Perhaps the I Ching was telling him that there truly was nothing left for him there. Perhaps, if he would allow it, the wands would lead him to a time and place free of his past—free of the mistakes and missteps—free of the lives he took—free from his pain and from the pain he caused others.

Perhaps, if he would allow it, the I Ching would free him. And while that would be more mercy than he deserved, he still resisted. He didn't want to … he couldn't surrender to what the wands tried to show him—that Rachel was truly lost to him—that losing Rachel and all she represented was his penance—the price he must pay for his misdeeds. If so, it was cruel justice indeed.

Maybe Barnabas was wrong and no guide was needed for the I Ching. Maybe the I Ching itself was the guide. The I Ching had offered Barnabas a chance to atone for his past. By bringing him here to lift the curse, perhaps it offered Barnabas some measure of peace, or perhaps Barnabas had yet to divine the I Ching's true purpose for him. It was hubris that convinced Barnabas that he could act as Quentin's guide. He could clearly see now that no guide was needed.

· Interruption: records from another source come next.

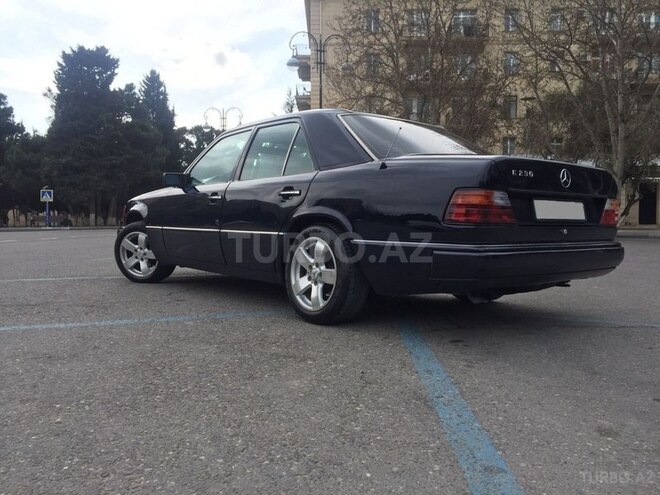 Mercedes E 220 1992, 238,000 km - 2.2 л - Sumqayıt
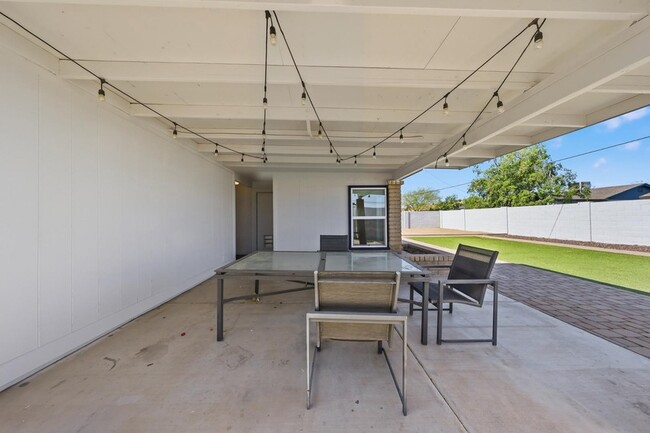 Building Photo - 3540 E Voltaire Dr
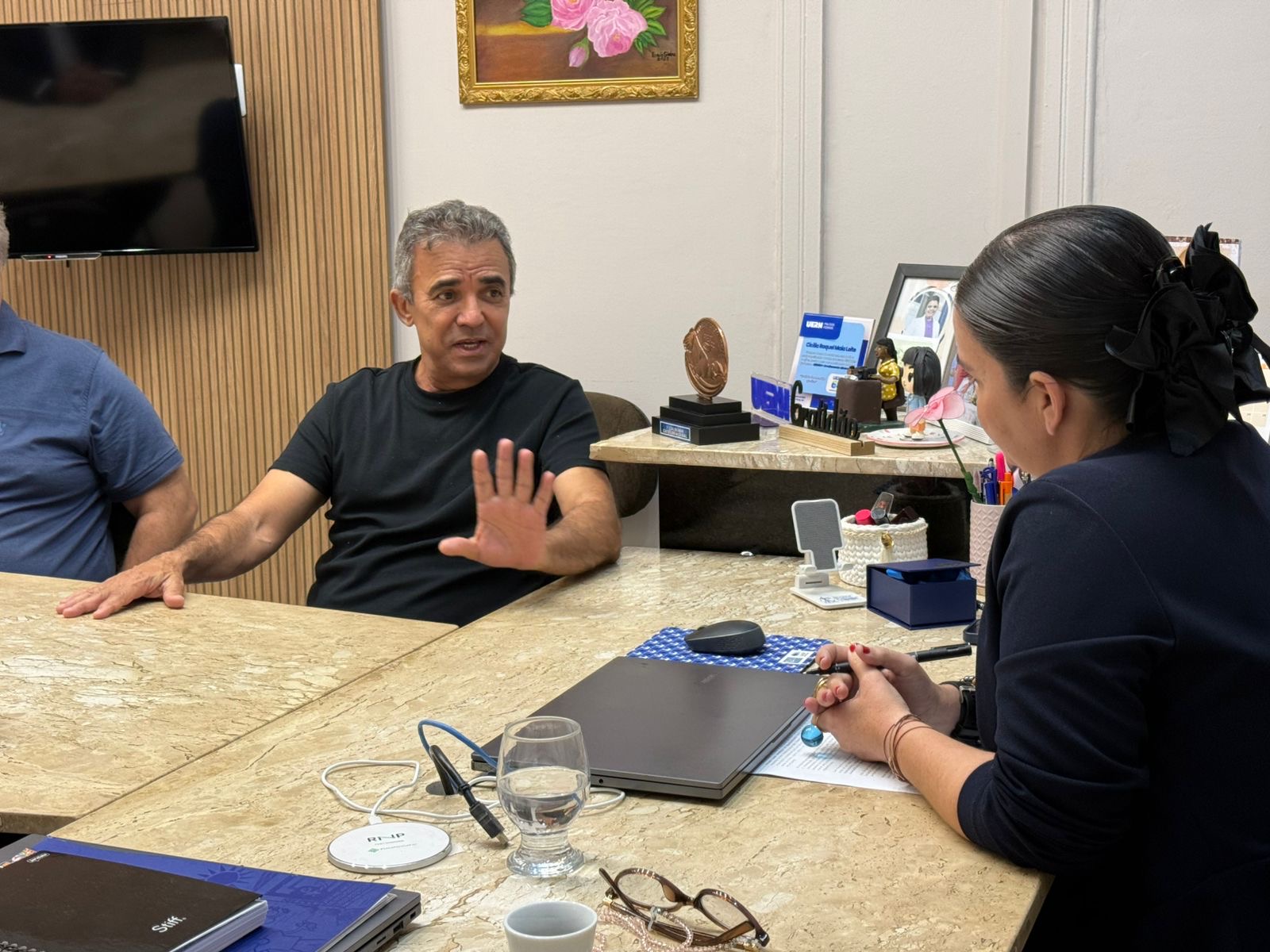 Jorge do Rosário visita UERN e reafirma compromisso com a educação pública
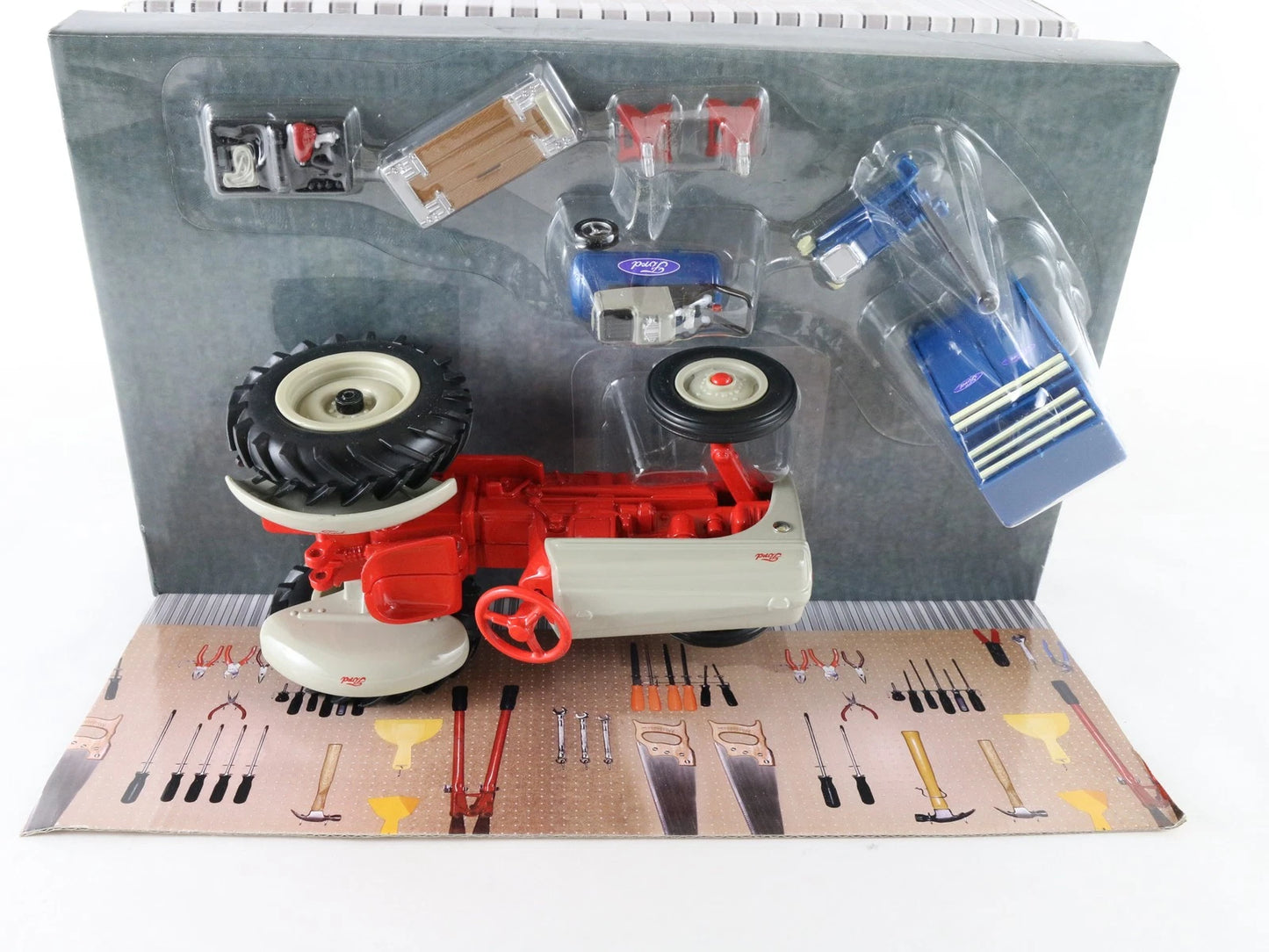 Ford 8N Restoration Tractor & Accessories Red Gray ERTL 1:16 Diecast 13780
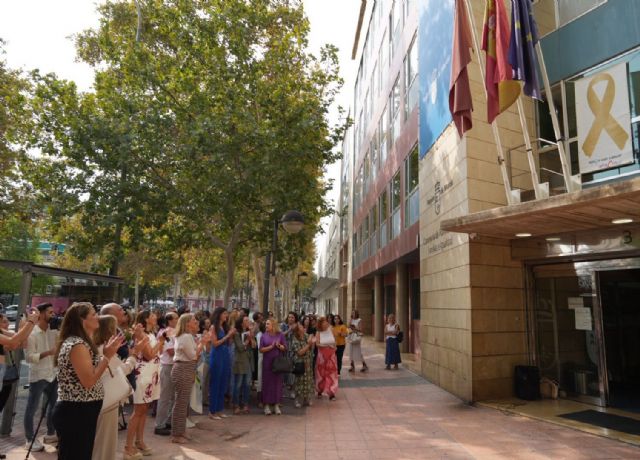 Política Social cuelga un lazo dorado en su fachada para dar visibilidad al cáncer infantil - 1, Foto 1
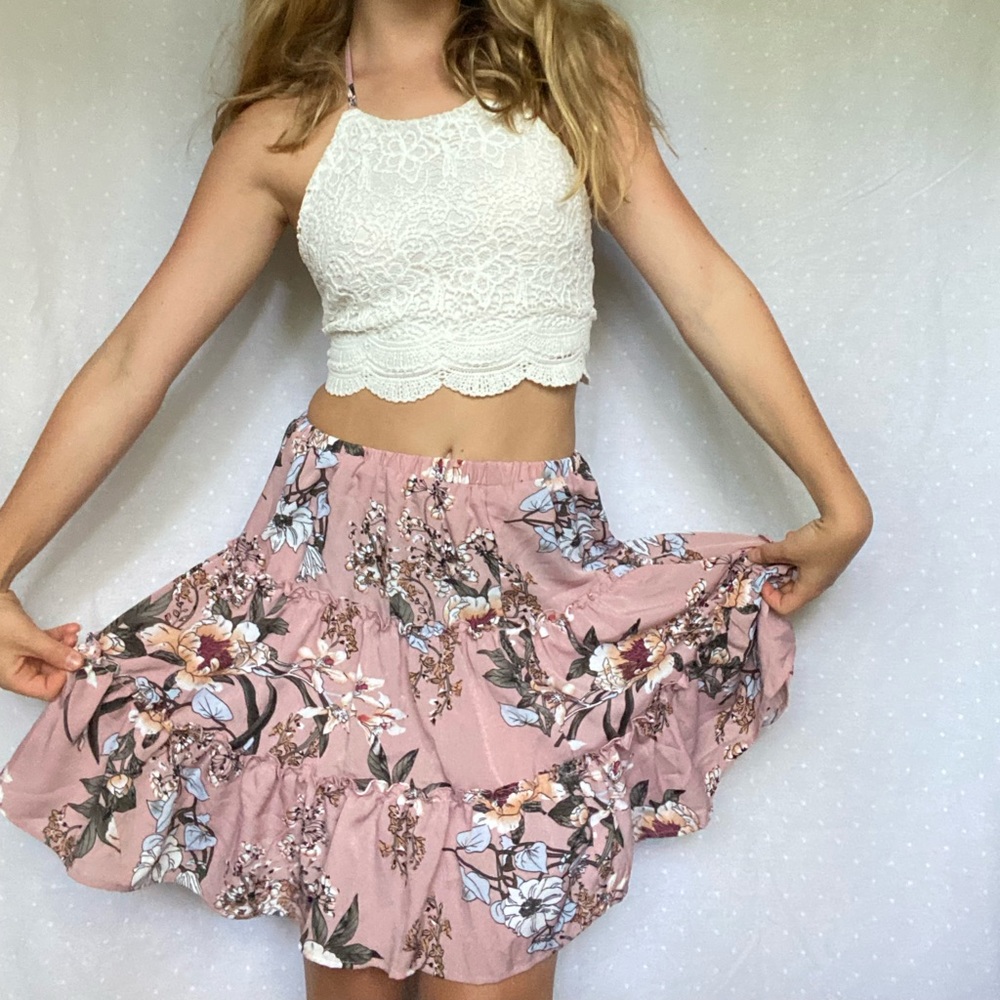 Cute floral skirt + crop top set!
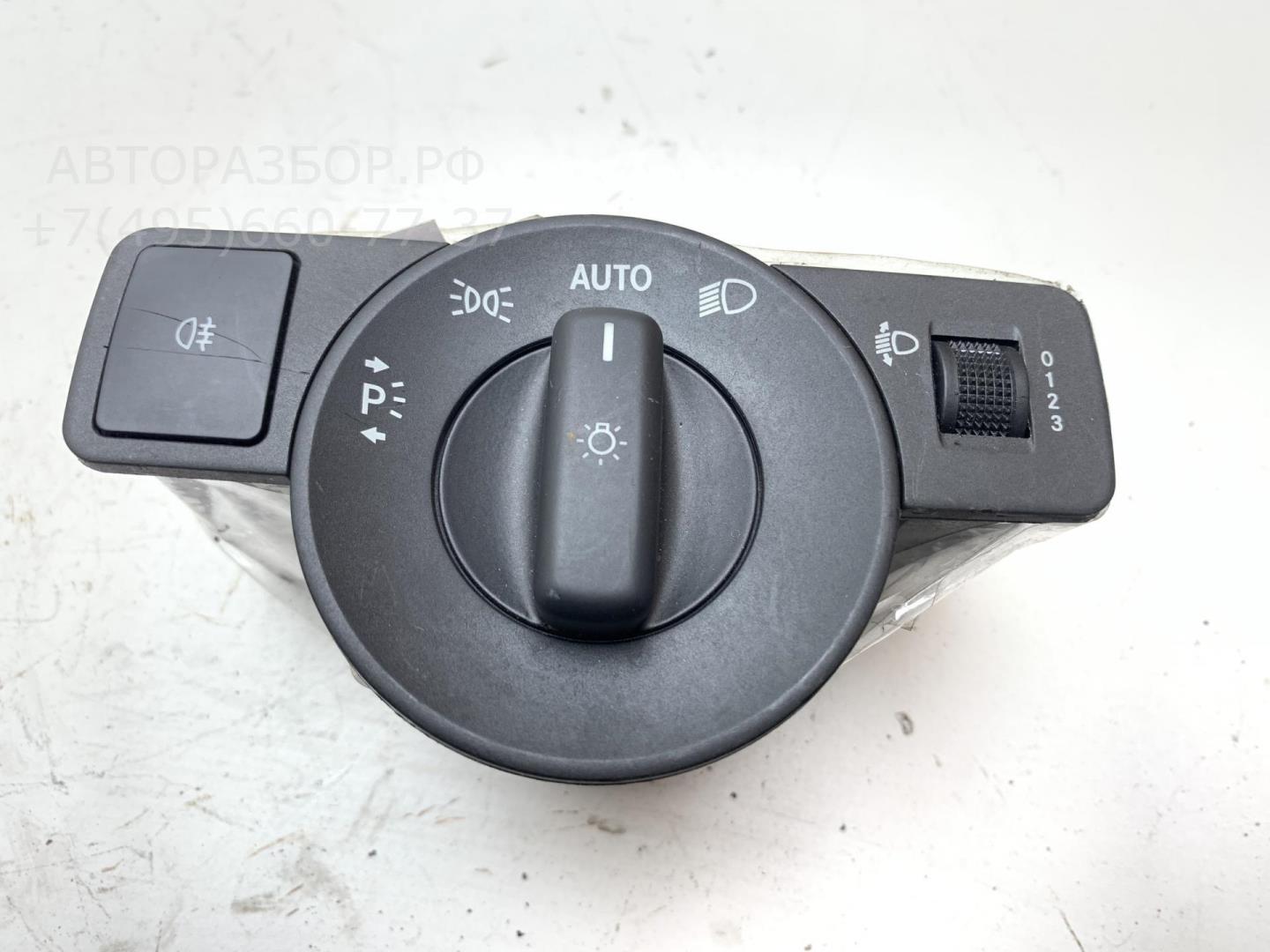 Переключатель света фар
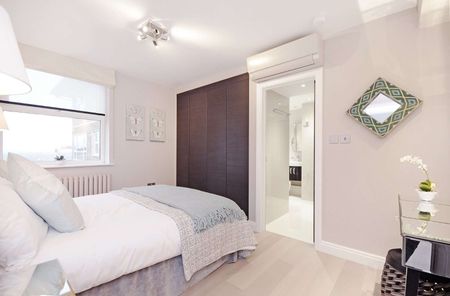 Three bedroom apartment situated on the eight floor of a purpose built block located in St John's Wood - Photo 4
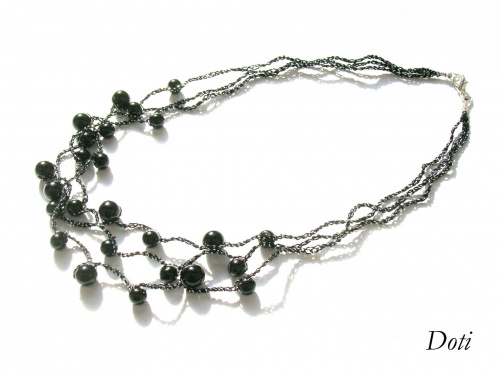 Naszyjnik (szklane perełki na kordonku - kordonek ze srebrną nicią) #biżuteria #szydełko #naszyjnik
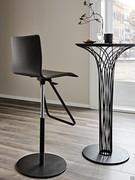 Elegante sgabello Toto con basamento regolabile, altezza piano snack-bar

Suddenly, weariness suffused his entire body. All at once, the physical dissipation that characterized grief overtook him. He released the wands onto the table and tacitly yielded to their will.

The wands tumbled out gently before him. Almost of their own volition, they formed a hexagram. He stared at it for what seemed a long time, and yet nothing happened. He closed his eyes and he could picture the hexagram like an image seared on the back of his eyelids. There was only darkness and the image of the hexagram—and yet, he felt movement. It was as though the hexagram itself was carrying him forward. There was no pinprick of light, just the wands—just the hexagram. So he followed it on through a narrow corridor of darkness, until it was clear where it was leading him. There was a door—a double set of doors just ahead. And just as the doors came into view, the image of the hexagram came apart, as though it scattered itself across his mind's eye, just as he had scattered the wands across the table earlier. Then they were gone and all that remained was to open the doors.